Step 1: Establish What You Want to Know
Before any data collection or analysis can begin, the sport performance analyst must first decide what exactly the coach, individual, or team wants or needs to know (figure 1.2). One coach may be interested in analyzing their players’ health before and during a competition to determine how to best utilize players during a game. Another coach may want to collect data on an opponent’s strengths and weaknesses during game play to make decisions about planning for an upcoming competition. The analyst can respond to any of these needs in a variety of ways.
The purpose of step 1 is to define the analytic questions that will guide the remainder of the process. Analytic questions that are clear and precise will produce better results. Following are examples of effective analytic questions a sport performance analyst may use.
- What is the shooting percentage of each player on a basketball team?
- How often do soccer players pass a ball with their dominant foot and non-dominant foot during a match?
- What is the reaction time of a defensive football lineman in response to the movement of the football to begin the play?
- Does the opponent usually throw or run a football on second down, and does this change from the first to the second half of the game?
Although this may seem like a simple step in the process, it is often one of the hardest. Coaches and other decision makers often think they know what type of information they need to help them, but in reality, they may need very different information. For example, a coach may be interested in the players’ endurance because they seem to slow down and fail to perform as well at the end of the game. In this scenario, the coach may ask for the average mile run time for each player and note after how many plays or minutes of the game each player’s performance decreases. Both measures may help determine the endurance level of an athlete, but the first is a measure of how fast the player can run a mile, while the second provides important data for game stamina and can help determine when best to use the player in the game.
When beginning the SPA process, the analyst first evaluates the general questions posed by the decision makers. Sometimes the questions are clear and the expected outcomes are very easy to ascertain. Unfortunately, there are many other instances where the questions asked are too vague, complex, or irrelevant for the analyst to take immediate action. The analyst must review each question carefully with the intention of refining it to a degree where very explicit outcomes can be articulated. This can be challenging because each question may produce one or more desired outcomes, with each requiring different actions. Under the best circumstances, the same data can be analyzed and used to address multiple outcomes. However, if the degree of data to be collected and the complexity of the data collection process become very cumbersome, the analyst may need to work with decision makers to make the questions more manageable.
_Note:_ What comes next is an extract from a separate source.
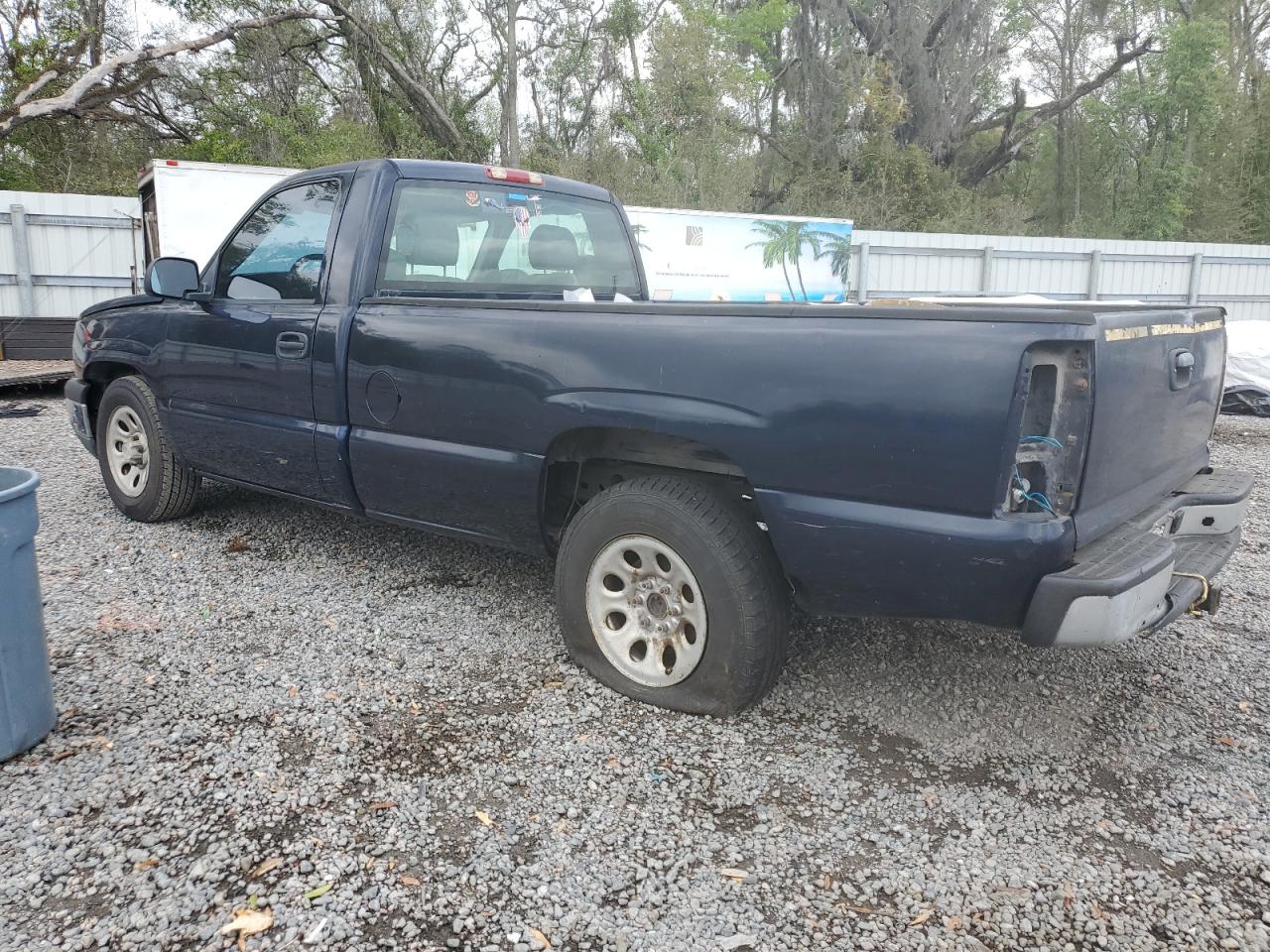 2007 Chevrolet Silverado C1500 Classic Blue vin: 1GCEC14X87Z142810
As a standard practice, questions that generate more than three outcomes are recommended to be refined before analysis begins. For example, a coach may ask how to increase the number of shots taken by players on their lacrosse team. If the question is not refined, then the analyst may collect a wide range of data such as the distance from the target that shots are taken, the angle of the shots, which player is taking the shots, and many more. The analyst may want something more manageable, such as “How do we increase the percentage of shots that are on frame (i.e., would score if not blocked by an opponent) and taken within 10 yards of the goal?” This example illustrates how the question could be refined to produce a more precise outcome for the decision makers. The analyst can work with decision makers at this stage to help them focus on their goals and questions. Properly done, this can prevent weaknesses as the SPA process continues.
The challenge, then, for the sport performance analyst is to help coaches and other decision makers refine their interests in order to better provide more meaningful information to them. If this step in the process is not done properly, the remaining steps will be completely ineffective. To resolve this issue, the analyst next determines the specific objectives of the questions. Analytic objectives within the SPA process are carefully worded statements that clearly describe all the data that must be collected and analyzed to provide desired information for appropriate decision makers. These statements cannot be vague, and they must include measurable components. These analytic objectives will help the analyst determine the variables that will be analyzed in step 2 of the process.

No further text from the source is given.